It has been over a year since Shruti Haasan made her last appearance on the big screen and the actor says it was a conscious decision to stay away from the camera as she wanted to reassess her career.
Shruti, 32, who is the elder daughter of veteran actors Kamal Haasan and Sarika, says she took the decision to take a break to “reorganise” herself.
“I took a conscious decision to take a break for one year. I thought it was important to take a break and reassess what I wanted to do. I believe when you get in to a rut you need to reassess,” Shruti told agencies.
The actor is now working on a Hindi as well as a Tamil movie and is venturing into production in a partnership with her mother.
“I am producing films and getting back into music full time. So, I needed to step back and kind of reorganise things. I believe it is important for an artiste to take some time off to be with themselves.
“I have been in films, but I always feel like an outsider.

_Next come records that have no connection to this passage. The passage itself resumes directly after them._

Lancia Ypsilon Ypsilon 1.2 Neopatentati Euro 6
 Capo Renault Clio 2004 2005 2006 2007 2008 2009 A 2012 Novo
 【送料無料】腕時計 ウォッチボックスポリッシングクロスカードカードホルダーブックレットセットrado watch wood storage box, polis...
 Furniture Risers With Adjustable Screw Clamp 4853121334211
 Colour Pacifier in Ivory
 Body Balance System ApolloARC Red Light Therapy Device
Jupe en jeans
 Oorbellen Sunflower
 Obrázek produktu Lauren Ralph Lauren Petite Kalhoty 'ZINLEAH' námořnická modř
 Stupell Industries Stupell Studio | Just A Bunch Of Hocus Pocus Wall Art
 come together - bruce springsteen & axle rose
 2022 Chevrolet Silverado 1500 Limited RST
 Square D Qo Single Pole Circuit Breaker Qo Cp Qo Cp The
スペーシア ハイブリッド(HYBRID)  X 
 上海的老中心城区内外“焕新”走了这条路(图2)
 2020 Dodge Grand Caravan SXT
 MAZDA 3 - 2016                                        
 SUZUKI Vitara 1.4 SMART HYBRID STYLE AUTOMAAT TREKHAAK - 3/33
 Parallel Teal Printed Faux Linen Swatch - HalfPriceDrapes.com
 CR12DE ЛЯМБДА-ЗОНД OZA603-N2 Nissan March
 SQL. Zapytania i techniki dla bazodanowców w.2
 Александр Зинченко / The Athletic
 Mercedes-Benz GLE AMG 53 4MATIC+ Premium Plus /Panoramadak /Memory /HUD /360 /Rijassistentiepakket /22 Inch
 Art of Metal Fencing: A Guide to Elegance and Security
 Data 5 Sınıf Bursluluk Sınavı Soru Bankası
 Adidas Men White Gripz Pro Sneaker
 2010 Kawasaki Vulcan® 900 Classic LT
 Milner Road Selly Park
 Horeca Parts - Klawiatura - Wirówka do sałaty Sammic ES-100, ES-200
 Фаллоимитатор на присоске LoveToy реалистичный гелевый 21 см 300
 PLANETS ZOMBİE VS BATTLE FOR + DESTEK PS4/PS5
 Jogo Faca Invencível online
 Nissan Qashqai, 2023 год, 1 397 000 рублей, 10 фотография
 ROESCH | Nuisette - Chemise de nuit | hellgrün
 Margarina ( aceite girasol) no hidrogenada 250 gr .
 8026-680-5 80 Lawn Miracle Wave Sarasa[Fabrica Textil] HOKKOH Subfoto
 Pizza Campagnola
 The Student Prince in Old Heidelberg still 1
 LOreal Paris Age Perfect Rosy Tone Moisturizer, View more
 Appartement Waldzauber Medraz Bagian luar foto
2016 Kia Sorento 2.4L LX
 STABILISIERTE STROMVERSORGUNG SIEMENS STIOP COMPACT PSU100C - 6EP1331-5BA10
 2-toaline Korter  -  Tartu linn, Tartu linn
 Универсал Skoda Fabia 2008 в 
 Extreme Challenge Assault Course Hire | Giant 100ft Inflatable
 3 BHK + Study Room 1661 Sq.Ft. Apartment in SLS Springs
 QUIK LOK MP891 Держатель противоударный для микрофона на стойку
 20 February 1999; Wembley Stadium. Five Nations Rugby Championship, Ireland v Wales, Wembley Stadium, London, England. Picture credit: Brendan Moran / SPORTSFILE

I think that’s my strength and my weakness. But I like to keep it to myself and do my job. I am not someone to look back and think about it,” she added.
Shurti was speaking on the sidelines of Lakme Fashion Week Winter/Festive 2018, where she walked the ramp for designers Saaksha and Kinni.
The actor said, even though she is conscious about her appearance, she does not believe in strictly following the fashion trends.
“There is a lot of emphasis on fashion these days. There are a lot of actors putting in much more efforts then I do. I can see that, people are very particular to know what is in vogue. I am not like that. I have always followed my own instincts in terms of fashion. Sometimes it works sometimes it doesn’t, but I always feel good about myself.
“I am conscious. But I don’t let myself follow every trend, because some of them are really ridiculous. For me it is more about feeling comfortable and confident, she said.
Saakhsha and Kinni’s collection titled “Raas”, presented a kaleidoscopic swirl of colour and freedom of movement.
The designer duo picked bold colours, playful prints and original embroideries for their new range, which also incorporates extensive use of Bandhani, Patola and Ikat.
They also reinterpreted the can-weaving tradition of Gujarat’s Kotwalia tribe with the help of metal-and-thread interweaving techniques.